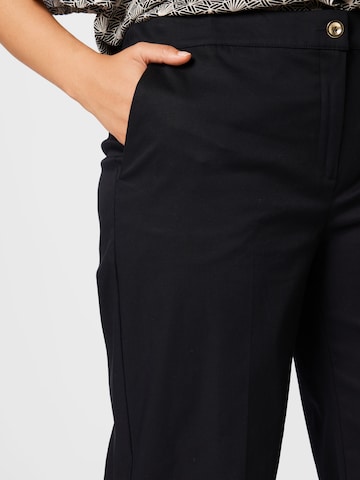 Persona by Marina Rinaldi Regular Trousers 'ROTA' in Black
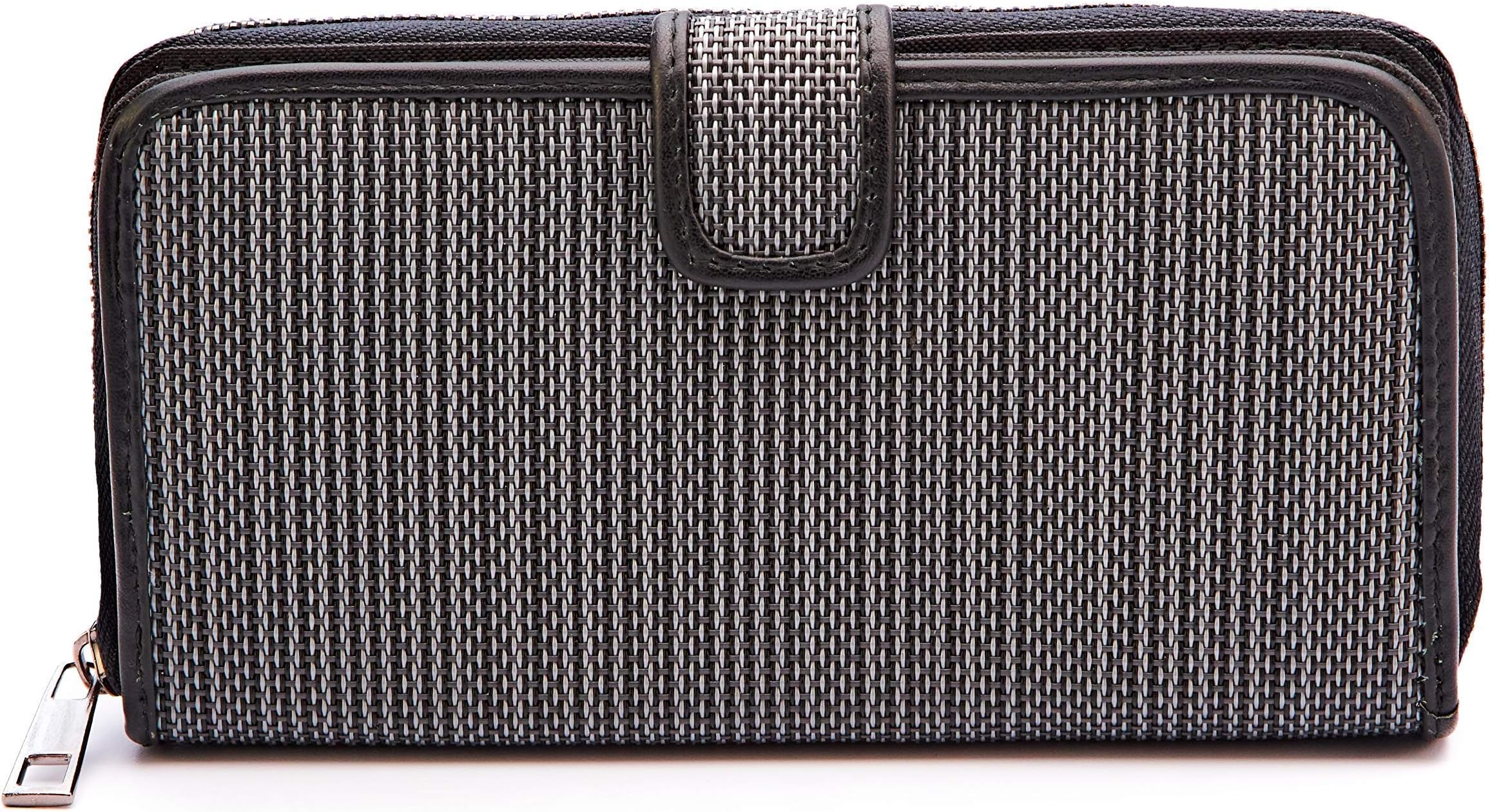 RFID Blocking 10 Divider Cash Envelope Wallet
* * * * *
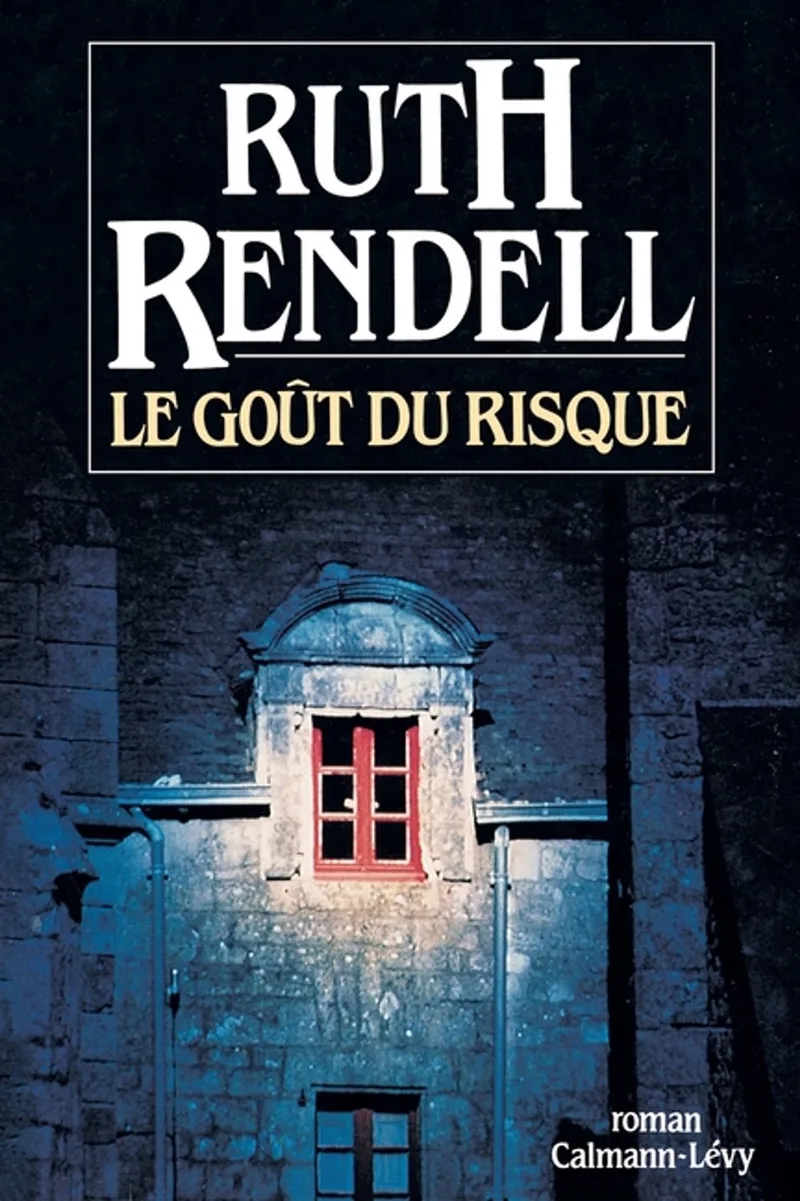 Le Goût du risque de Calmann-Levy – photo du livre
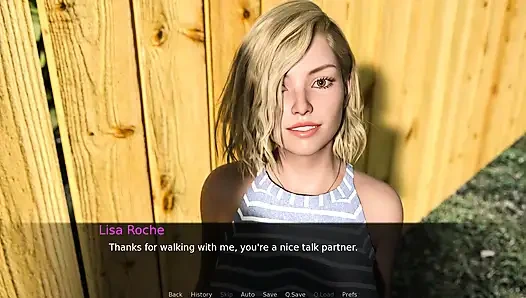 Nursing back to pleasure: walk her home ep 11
* * * * *
> [What you need to do]: From the records above, copy only the lines running from the line holding "Le Goût du risque" through the line holding "Nursing back to", with no pictures.

> [Result for this task]:
 Le Goût du risque de Calmann-Levy – photo du livre
 Nursing back to pleasure: walk her home ep 11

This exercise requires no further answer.